Redesigning the website for an educational platform

TEAM

5-8 people

UX Research

Wireframing

UI Design

Illustrations

FIELD

YEAR

2020

DURATION

Ongoing

About 1hour

1hour matches people willing to donate their time with schools. The aim is to have them teach what they excel at in the school. This could be extremely valuable if the school doesn't offer that discipline and it could help students find out more about the professional world, perhaps helping them decide what they want to do when they grow up.

TOOLS

1hour has a mission to bring a wider education to schools and its promise is that it will only take 1 hour for you to share your knowledge.

It is a new business and for now, its main goal is to spread its word and get more people and schools to sign up.

From the very first user testings, I found that most users couldn't get 1hour's message across and they left the website unsure about what it was, which would have put them off signing up.

I had to get the message through more efficiently to prevent potential users from bouncing off after just a few seconds spent on the website.

I made the website easier to navigate and strip it of most of its copy, leaving only what was strictly necessary.

Created separate pages for schools and for volunteers/mentors so that users would find what they're looking for quickly.
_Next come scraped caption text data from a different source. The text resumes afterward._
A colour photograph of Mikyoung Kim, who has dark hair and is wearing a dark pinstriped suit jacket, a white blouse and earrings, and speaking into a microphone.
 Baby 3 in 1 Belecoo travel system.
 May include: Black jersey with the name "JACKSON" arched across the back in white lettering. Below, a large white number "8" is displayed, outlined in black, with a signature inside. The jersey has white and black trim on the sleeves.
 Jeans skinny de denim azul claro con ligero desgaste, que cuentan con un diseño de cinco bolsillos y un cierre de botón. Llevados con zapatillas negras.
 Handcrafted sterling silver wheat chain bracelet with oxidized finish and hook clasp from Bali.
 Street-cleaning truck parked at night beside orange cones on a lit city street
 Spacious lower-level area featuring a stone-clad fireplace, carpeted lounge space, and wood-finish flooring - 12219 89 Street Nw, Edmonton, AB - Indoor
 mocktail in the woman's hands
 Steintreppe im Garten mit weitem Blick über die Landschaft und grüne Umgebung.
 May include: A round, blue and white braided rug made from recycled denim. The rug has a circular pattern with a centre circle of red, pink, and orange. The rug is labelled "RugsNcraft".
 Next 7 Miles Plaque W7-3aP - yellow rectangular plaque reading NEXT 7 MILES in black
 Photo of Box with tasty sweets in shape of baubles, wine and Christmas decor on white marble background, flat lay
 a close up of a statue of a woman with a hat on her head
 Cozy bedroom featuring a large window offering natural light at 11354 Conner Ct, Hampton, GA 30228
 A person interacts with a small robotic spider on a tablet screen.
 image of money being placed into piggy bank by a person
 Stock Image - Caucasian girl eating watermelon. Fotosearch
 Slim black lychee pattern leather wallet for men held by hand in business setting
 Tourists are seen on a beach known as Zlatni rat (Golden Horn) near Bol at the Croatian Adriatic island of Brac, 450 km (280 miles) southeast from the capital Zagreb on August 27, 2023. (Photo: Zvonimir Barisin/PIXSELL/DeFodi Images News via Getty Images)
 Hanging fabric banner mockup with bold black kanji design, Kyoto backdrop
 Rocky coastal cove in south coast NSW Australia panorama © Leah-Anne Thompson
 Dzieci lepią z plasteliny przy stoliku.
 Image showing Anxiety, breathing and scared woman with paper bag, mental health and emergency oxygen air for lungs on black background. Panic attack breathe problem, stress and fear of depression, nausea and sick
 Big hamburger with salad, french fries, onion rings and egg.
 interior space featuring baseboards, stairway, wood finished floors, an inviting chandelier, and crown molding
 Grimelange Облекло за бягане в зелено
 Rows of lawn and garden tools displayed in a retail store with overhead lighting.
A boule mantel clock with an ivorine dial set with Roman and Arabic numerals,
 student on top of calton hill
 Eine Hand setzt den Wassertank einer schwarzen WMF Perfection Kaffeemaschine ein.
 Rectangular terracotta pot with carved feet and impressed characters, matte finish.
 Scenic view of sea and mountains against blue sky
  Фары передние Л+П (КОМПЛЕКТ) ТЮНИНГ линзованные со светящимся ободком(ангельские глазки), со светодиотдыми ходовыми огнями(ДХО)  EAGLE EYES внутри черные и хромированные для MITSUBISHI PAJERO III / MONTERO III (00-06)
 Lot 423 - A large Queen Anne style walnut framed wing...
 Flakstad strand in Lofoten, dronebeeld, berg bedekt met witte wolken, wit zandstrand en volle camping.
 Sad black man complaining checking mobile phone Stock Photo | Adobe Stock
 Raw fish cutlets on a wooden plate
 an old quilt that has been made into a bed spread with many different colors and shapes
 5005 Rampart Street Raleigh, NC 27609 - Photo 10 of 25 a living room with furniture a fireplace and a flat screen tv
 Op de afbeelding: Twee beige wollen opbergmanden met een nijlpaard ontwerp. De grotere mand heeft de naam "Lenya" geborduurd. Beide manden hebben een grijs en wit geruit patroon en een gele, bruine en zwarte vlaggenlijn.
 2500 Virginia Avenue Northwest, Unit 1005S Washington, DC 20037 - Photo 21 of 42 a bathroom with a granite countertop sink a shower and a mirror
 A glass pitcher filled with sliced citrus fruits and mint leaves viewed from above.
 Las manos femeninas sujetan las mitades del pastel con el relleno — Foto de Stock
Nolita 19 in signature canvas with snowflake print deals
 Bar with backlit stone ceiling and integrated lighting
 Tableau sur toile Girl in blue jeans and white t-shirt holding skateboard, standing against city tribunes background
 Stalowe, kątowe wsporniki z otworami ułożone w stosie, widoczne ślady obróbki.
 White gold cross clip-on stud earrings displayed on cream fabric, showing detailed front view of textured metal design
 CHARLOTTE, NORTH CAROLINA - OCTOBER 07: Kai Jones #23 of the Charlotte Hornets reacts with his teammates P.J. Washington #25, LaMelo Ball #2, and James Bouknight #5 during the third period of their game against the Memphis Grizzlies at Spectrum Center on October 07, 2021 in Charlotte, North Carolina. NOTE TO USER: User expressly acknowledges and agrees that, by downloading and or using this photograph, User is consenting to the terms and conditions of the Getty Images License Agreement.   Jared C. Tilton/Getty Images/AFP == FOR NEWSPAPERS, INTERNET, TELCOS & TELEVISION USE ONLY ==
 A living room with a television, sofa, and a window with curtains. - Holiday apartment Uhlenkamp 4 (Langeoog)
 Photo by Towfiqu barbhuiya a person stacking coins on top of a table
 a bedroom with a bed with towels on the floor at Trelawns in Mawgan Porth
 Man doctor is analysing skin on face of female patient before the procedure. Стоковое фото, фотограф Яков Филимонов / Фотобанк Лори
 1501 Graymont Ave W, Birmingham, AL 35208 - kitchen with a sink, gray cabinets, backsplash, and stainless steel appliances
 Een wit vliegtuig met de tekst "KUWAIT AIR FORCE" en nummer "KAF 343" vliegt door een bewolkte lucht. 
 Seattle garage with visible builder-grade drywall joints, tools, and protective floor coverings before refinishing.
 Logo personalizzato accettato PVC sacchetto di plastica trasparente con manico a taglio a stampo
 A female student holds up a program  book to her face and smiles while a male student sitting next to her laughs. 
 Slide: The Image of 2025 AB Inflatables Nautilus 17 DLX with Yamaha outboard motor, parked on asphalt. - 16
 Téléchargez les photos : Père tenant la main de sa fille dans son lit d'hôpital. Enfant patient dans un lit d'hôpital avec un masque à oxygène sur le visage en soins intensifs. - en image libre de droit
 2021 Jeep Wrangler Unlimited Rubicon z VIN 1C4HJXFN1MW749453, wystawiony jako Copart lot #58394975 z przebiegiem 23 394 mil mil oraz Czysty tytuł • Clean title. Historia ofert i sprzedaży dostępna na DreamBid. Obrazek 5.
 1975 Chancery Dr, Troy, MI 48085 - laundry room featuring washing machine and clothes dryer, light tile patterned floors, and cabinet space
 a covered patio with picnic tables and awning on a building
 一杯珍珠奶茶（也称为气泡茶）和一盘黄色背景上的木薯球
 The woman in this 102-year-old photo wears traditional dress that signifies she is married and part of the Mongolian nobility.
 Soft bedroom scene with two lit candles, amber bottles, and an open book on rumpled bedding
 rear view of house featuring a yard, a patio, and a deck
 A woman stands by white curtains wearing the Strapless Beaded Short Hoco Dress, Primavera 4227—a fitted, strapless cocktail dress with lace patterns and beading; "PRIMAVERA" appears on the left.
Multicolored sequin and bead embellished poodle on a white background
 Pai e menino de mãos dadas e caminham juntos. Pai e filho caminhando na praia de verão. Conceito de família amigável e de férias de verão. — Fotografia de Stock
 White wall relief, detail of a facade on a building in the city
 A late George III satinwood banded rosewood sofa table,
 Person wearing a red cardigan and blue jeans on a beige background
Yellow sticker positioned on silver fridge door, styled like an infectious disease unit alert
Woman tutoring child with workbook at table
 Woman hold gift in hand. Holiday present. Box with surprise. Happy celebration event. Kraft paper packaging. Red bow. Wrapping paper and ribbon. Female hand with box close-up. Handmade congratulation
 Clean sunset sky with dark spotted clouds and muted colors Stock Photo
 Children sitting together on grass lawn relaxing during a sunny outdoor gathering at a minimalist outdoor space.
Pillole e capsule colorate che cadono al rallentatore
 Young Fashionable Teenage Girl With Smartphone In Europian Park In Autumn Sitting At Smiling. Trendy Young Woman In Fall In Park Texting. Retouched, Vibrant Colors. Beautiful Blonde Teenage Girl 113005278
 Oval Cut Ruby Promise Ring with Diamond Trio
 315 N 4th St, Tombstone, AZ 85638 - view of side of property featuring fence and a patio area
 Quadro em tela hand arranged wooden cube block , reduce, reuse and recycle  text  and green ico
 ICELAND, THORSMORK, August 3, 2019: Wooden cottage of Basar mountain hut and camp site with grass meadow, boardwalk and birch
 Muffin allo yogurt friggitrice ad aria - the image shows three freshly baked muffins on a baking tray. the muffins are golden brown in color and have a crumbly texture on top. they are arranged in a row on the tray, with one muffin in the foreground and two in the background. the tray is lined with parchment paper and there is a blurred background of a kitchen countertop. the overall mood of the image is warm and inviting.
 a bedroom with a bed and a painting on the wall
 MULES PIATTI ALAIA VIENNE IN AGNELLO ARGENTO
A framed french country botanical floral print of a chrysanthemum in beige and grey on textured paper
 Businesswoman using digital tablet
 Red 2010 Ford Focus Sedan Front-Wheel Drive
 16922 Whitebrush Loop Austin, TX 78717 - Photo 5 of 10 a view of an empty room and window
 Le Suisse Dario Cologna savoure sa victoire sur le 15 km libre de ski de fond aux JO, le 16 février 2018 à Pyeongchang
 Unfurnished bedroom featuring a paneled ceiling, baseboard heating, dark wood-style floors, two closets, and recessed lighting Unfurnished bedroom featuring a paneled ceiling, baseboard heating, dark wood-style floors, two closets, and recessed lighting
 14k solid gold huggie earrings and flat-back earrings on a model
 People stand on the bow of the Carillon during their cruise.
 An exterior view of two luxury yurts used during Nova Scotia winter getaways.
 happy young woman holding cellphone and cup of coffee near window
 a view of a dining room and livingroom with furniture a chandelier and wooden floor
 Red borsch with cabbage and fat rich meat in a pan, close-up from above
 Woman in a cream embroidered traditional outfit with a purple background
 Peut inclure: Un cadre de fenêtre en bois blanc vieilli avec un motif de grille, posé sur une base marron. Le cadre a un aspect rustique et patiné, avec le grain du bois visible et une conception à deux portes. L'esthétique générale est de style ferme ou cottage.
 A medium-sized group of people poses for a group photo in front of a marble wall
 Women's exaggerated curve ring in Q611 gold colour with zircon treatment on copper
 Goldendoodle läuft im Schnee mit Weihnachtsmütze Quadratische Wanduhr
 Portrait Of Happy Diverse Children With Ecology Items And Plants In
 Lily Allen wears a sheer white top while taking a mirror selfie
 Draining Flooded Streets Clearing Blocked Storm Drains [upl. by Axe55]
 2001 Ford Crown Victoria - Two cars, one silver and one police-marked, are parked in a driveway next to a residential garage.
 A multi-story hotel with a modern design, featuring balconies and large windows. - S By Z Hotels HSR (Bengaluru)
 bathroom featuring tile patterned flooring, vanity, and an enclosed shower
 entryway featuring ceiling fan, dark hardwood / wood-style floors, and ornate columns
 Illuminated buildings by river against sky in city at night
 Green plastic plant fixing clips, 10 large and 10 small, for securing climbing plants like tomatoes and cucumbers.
To read about my design process and how I got to the final designs, scroll down

Before going into this project, I asked myself some questions

HOW CAN I IMPROVE THE CURRENT VERSION?

WHO AM I BUILDING IT FOR?

WHEN AND WHERE WILL IT BE USED?

I talked with the founder and documented how the idea developed.

I talked with people that could be interested in the idea, either on the side of volunteer or on the side of schools.

After I got my answers I went into user testings of 1hour’s current product

 

UX Audit

USER TESTING

I aimed to have the whole website tested by around 10 people, ideally by someone that could have been a possible user, whether as a volunteer or as someone representing a school.

The user testings were incredibly useful, as I had a lot of material to work on, I wrote it all down, giving every comment a score based on how easy it was to fix and how much of a priority it was.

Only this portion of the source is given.